• **Try it**: Take the line that contains "Customize by Sample" as the start and the last line of the entries as the end, and print both and everything between them exactly, without the pictures.

═════ Data under study

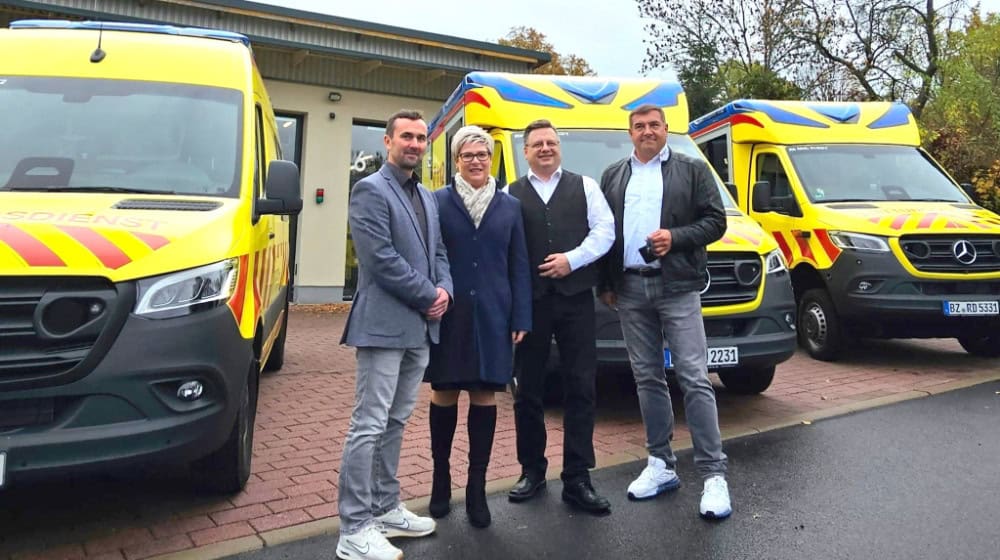 Frank Schörnig, Leiter Rettungsdienst DRK Radeberg- Pulsnitz, die Beigeordnete Dr. Romy Reinisch, Uwe Ball, Rettungswachenbereichsleiter der Falck Notfallrettung und Krankentransport GmbH und Peter Mark, Geschäftsführer DRK Kreisverband Bautzen, bei der Fahrzeugübergabe. Foto: LRA Bautzen Frank Schörnig, Leiter Rettungsdienst DRK Radeberg- Pulsnitz, die Beigeordnete Dr. Romy Reinisch, Uwe Ball, Rettungswachenbereichsleiter der Falck Notfallrettung und Krankentransport GmbH und Peter Mark, Geschäftsführer DRK Kreisverband Bautzen, bei der Fahrzeugübergabe. Foto: LRA Bautzen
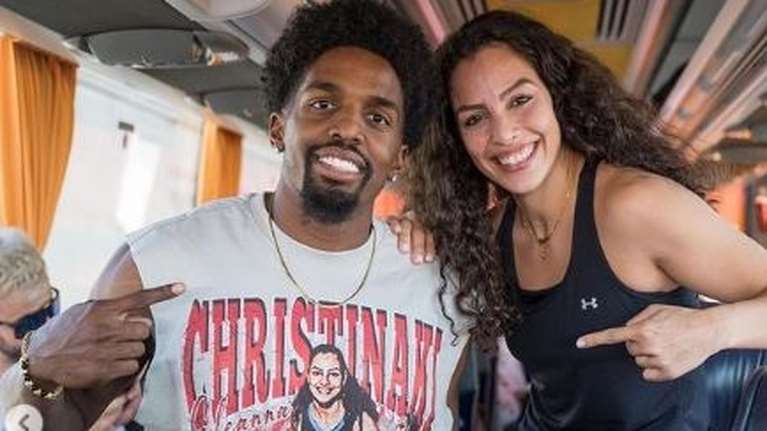 Ο Σακίλ ΜακΚίσικ ντύνεται με Χριστινάκη, Γκουντούρα, Βεζένκοφ και Μπαρτζώκα στη Λαμία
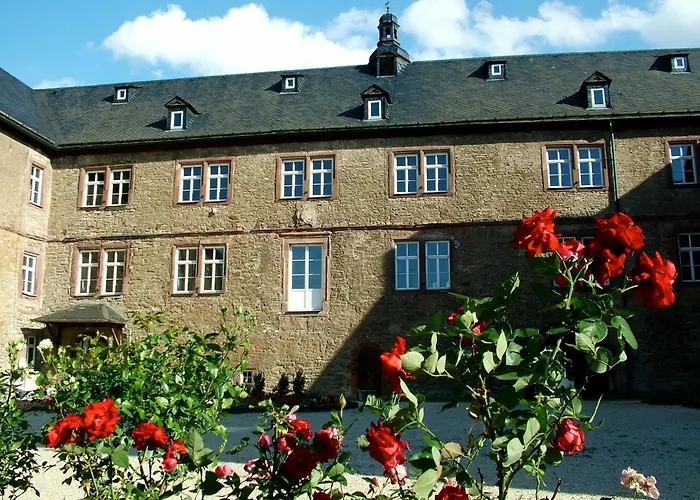 Schloss 3* Wallhausen (Saxony-Anhalt)
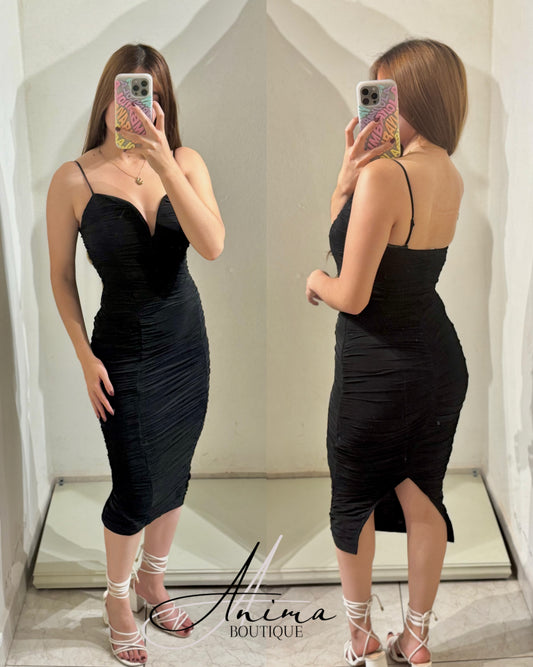Vestido pegado drapeado negro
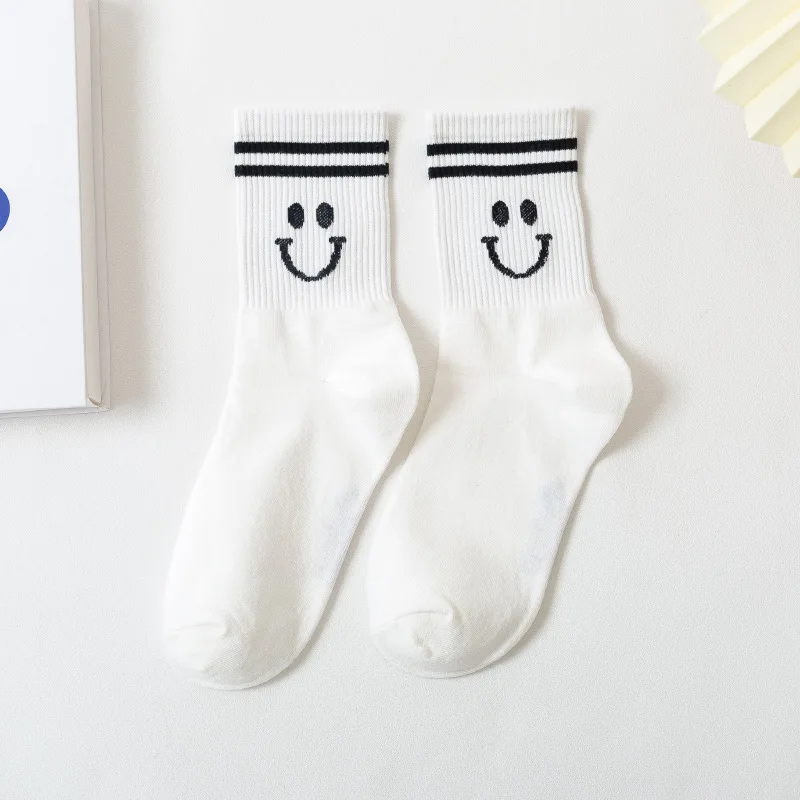 Customize by Sample New Arrivl Soft Cotton Socks women Cute Fashion Style White Black Short Socks Ankle Funny Casual Size 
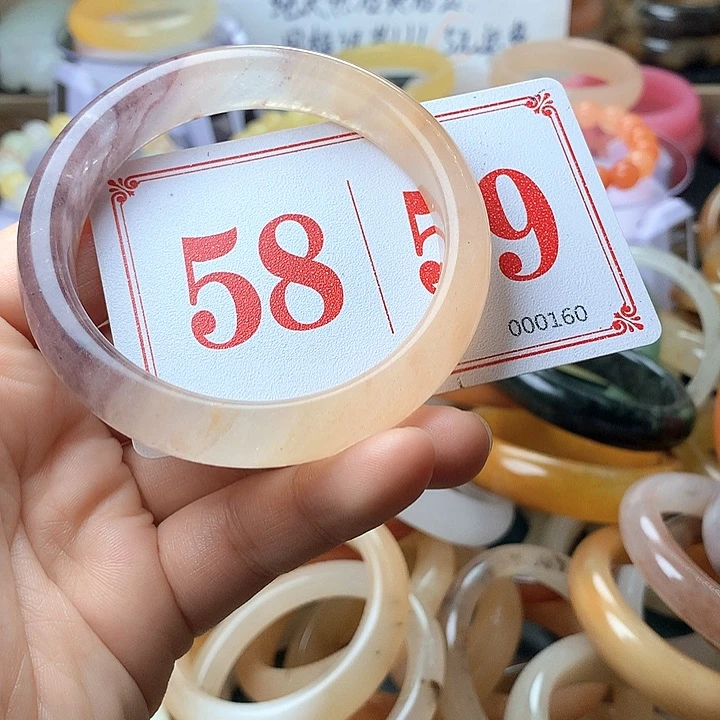 石英质玉（黄龙玉）未镶嵌手镯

══════════

• **Exercise output**:
 Customize by Sample New Arrivl Soft Cotton Socks women Cute Fashion Style White Black Short Socks Ankle Funny Casual Size 
 石英质玉（黄龙玉）未镶嵌手镯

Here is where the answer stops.